Grey Arrow
Parliament

Brazen tax grab!

Dr WEBSTER (Mallee) (15:41): With the greatest respect to my colleague the member for Gippsland, I think the text of this motion might be a little too kind to the Albanese Labor government. Labor's budget is worse than broken promises and toxic taxes. It exposes the 25 May election as a hoax, a sham. Small businesses and farmers are the primary victims of Labor's election hoax. You see, since federation, the Nationals and Liberals have been the natural parties of government in coalition. That is a statistical fact. The Prime Minister knows it because he and his Labor colleagues covet the mantle of Labor being the natural party of government. Labor, on the other hand, are a fraud on the Australian people, taking a policy platform to the May 2025 election that had nothing to do with the real policy platform of socialism that we, small businesses and farmers have seen in the May budget.

Labor's shock budget hits capital gains, negative gearing and trusts in ways they promised fervently before the election they would not do. I think it was 50 times. How many times do you need to be told, media? Labor have done more than rewrite the electoral playbook—they have thrown it out, burnt it on a pyre of all their other broken promises. Labor went to an election with a policy platform that was a complete fabrication, and small-business owners, farmers, self-funded retirees and young Australians are feeling the brunt.

Let me focus on regional Australians. Take, for instance, Rewiring the Nation. We saw the factual gymnastics before the budget that climate related spending would reduce, yet spending in net zero continues at speed in the budget papers and the cost of transmission line projects keeps going up and up. Consequently, so will every Australian's power bill—everybody in this chamber, everybody across Australia. This is one big reason communities like Mallee don't want transmission lines, yet Labor would prefer foisting transmission lines and associated energy eyesores in coalition electorates rather than their own. I know that may shock this side of the House, but it just appears to be the facts. The recent renewable energy zone—so-called—issued by the Victorian Labor government, recently fastidiously went out of its way to exclude the federal electorates of Bendigo and Ballarat.

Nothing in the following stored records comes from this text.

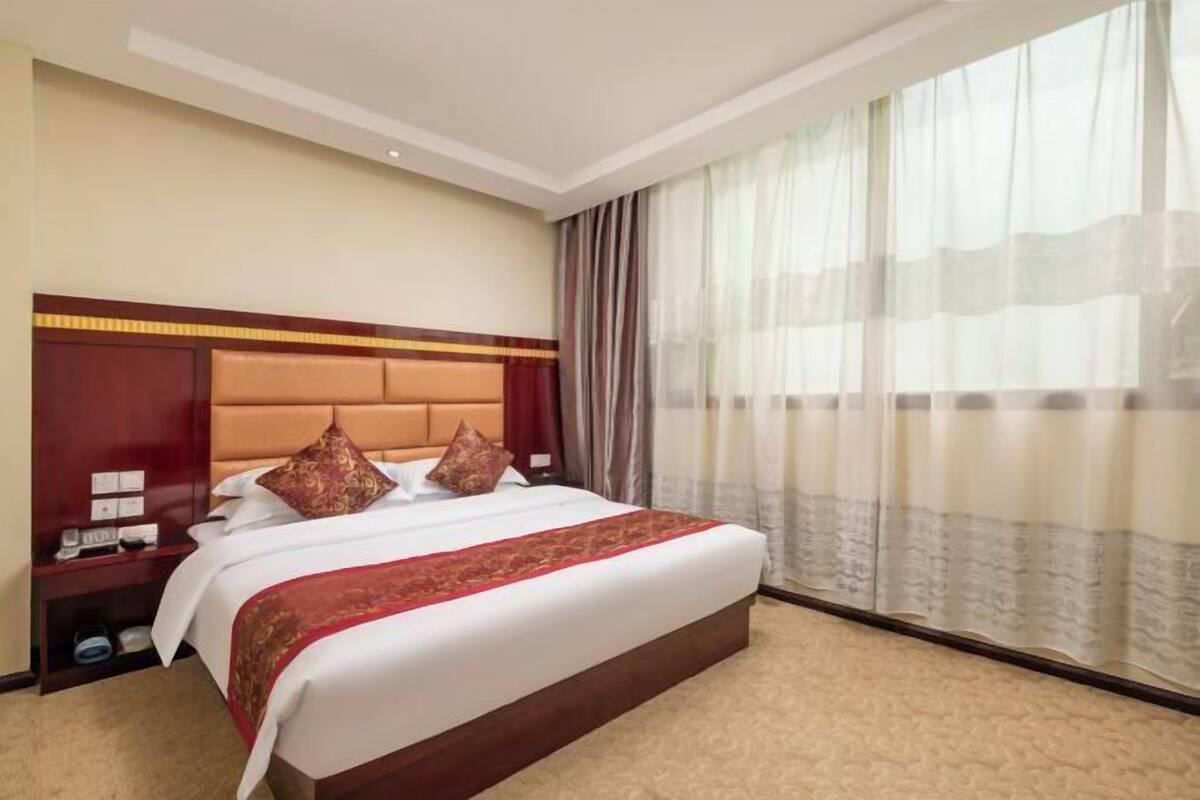 Hotellihuone, jossa on suuri sänky, puinen pääty, yöpöytä ja ikkuna, jossa on läpikuultavat verhot.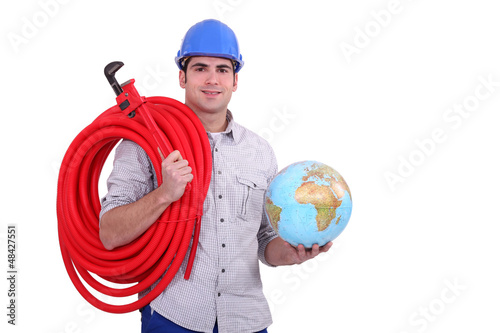 Photo: Worker with globe and wrench Worker with globe and wrench
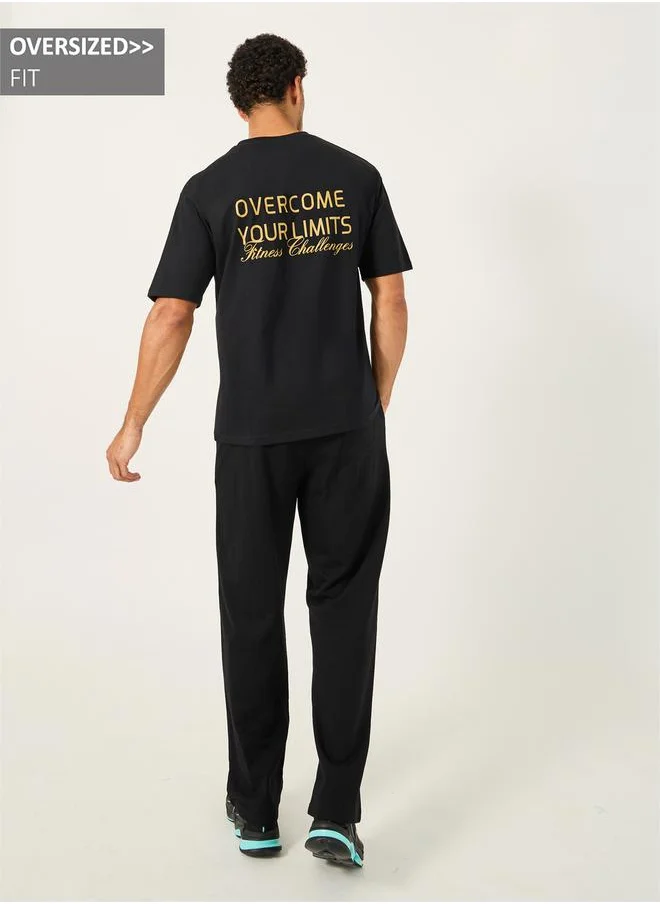 ستايلي Oversized T-Shirt and Slogan Print Joggers Training Set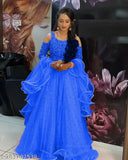 Velvet-embellished morpeach net lehenga choli for Indian weddings. Semi-stitched with 44 inch waist and 44 inch length. Net dupatta included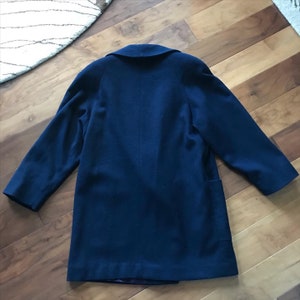 Pu&ograve; includere: Un cappotto di lana blu scuro con un colletto classico e maniche lunghe. Il cappotto ha una chiusura con un solo bottone e due tasche.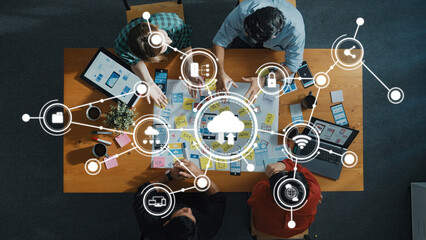 Aerial view of a team engaged in computing discussion while surrounded by digital cloud technology icons, showcasing teamwork and innovation in a modern workspace. Amity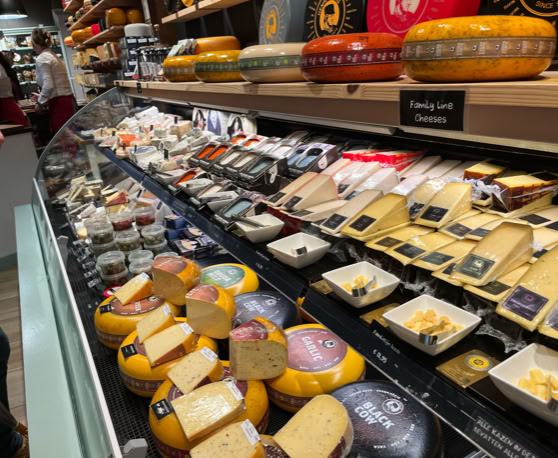 Maaike your local tourguide  wearing Dutch wooden shoes. Windmill, Tulips, Cheese, Zaanse Schans, Keukenhof, Volendam, Marken, Alkmaar.
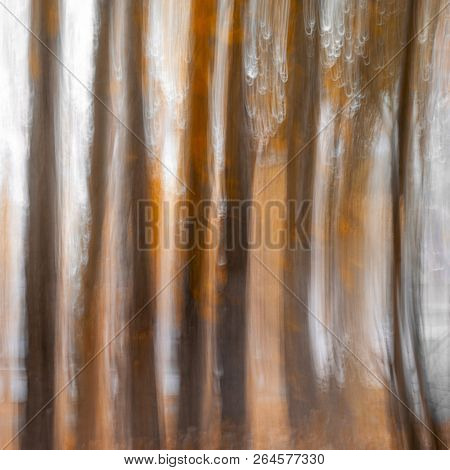 Blurred Tree Trunks At A City Park With Golden Autumn Leaves. Intentional Camera Movement Icm. Fall 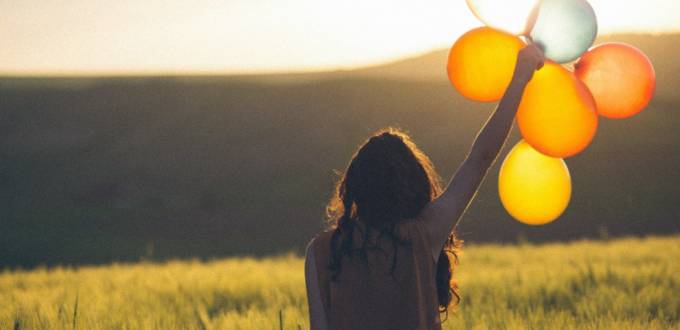 Une femme tient 5 ballons dans la nature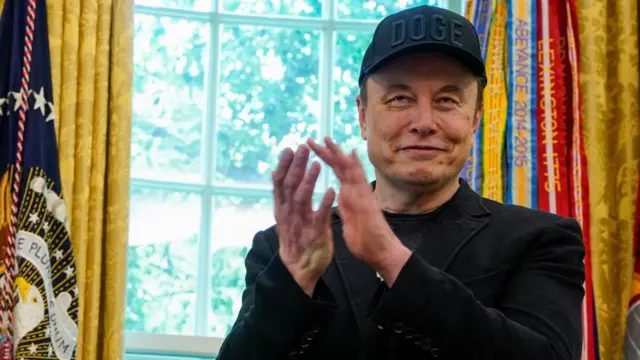 Elon wears a black cap reading: 'Doge'. He also wears a black top and blazer, and claps his hands in the Oval Office.
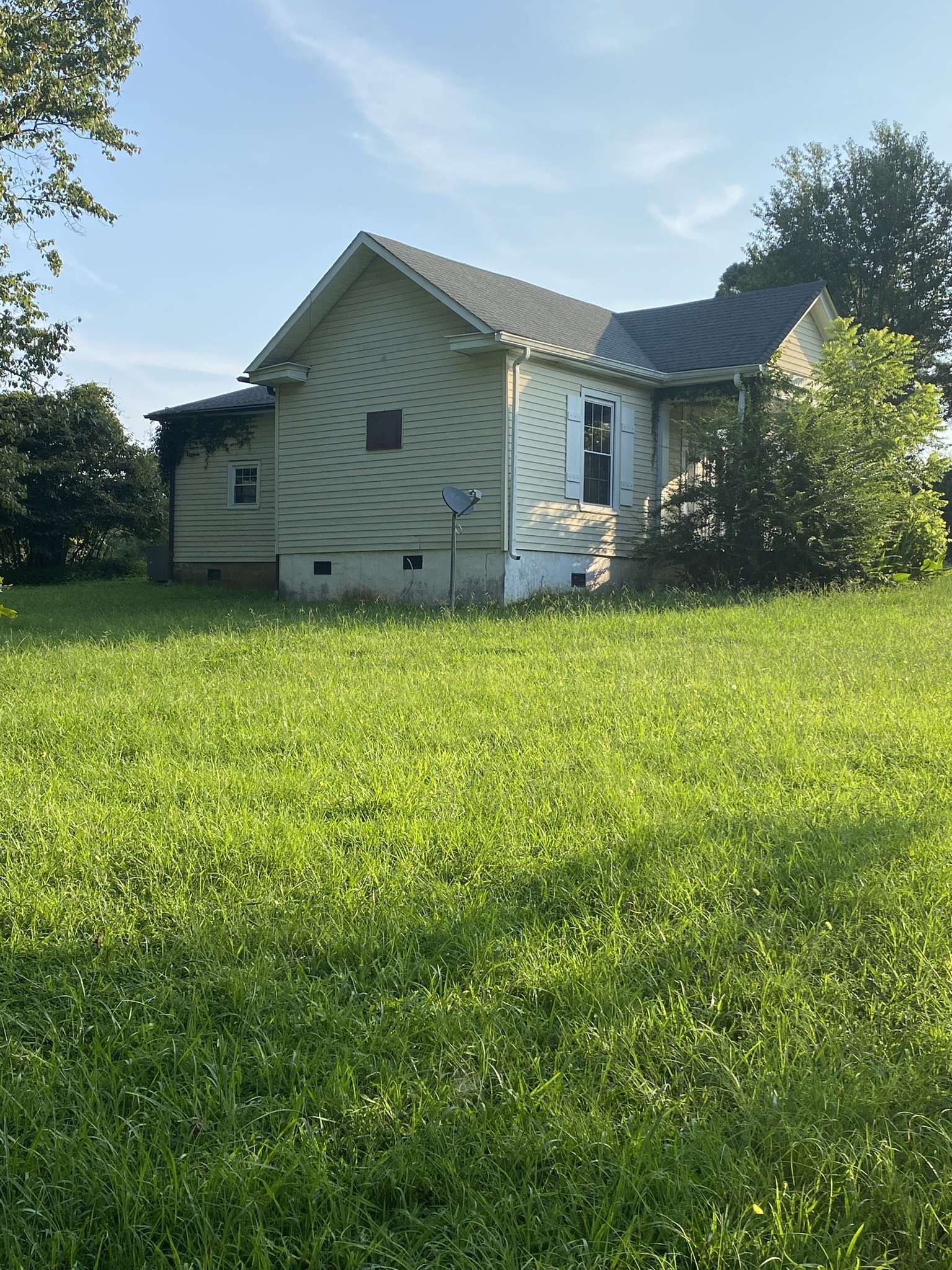 972 Fall River Road Goodspring, TN 38460 - Photo 20 of 31 a front view of a house with garden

I wonder why that would be! It is plain as the nose on your face—another sham. Meanwhile, they're ripping the funding for Mallee communities out of the budget papers. It is shameful. But the other big reasons these projects are blowing out, these 'big builds', as they're called in Victoria, is Labor's cosy relationship with the CFMEU. Labor's plan to be the natural party of government is because they would be the only form of government possible, a bit like China—eliminate all the competition, tell fairytales at elections and in budgets, portray your opponents as holding positions they actually don't and blabber nonsense in the House in front of TV cameras on social media and hoodwink the electorate. It's called gaslighting the good people of Australia.

In Prime Minister Albanese's natural-party-of-government dystopia, unions have their fingers in all the pies. Nothing progresses without their say so and a heavy amount of government subsidies to boot. Small businesses will go by the wayside because the union movement perceives small businesses as enemies—they won't unionise a small-business workforce. It's much easier to crush small businesses and have big, unionised business take its place and get a sweetheart union deal that supports the Labor Party all the way to the bank. Sorry, I mean all the way to the election.

Take the construction code, for instance, making it hard for aspiring homeowners and small businesses alike to establish and grow. The construction code now runs to 2,000 pages. We on this side of the house have pledged to slash it back to 200 pages. That is called cutting red tape. Consider Labor's $77 billion tax grab, which they claim in large part is to help young people buy a house. What a load of terminological inexactitude.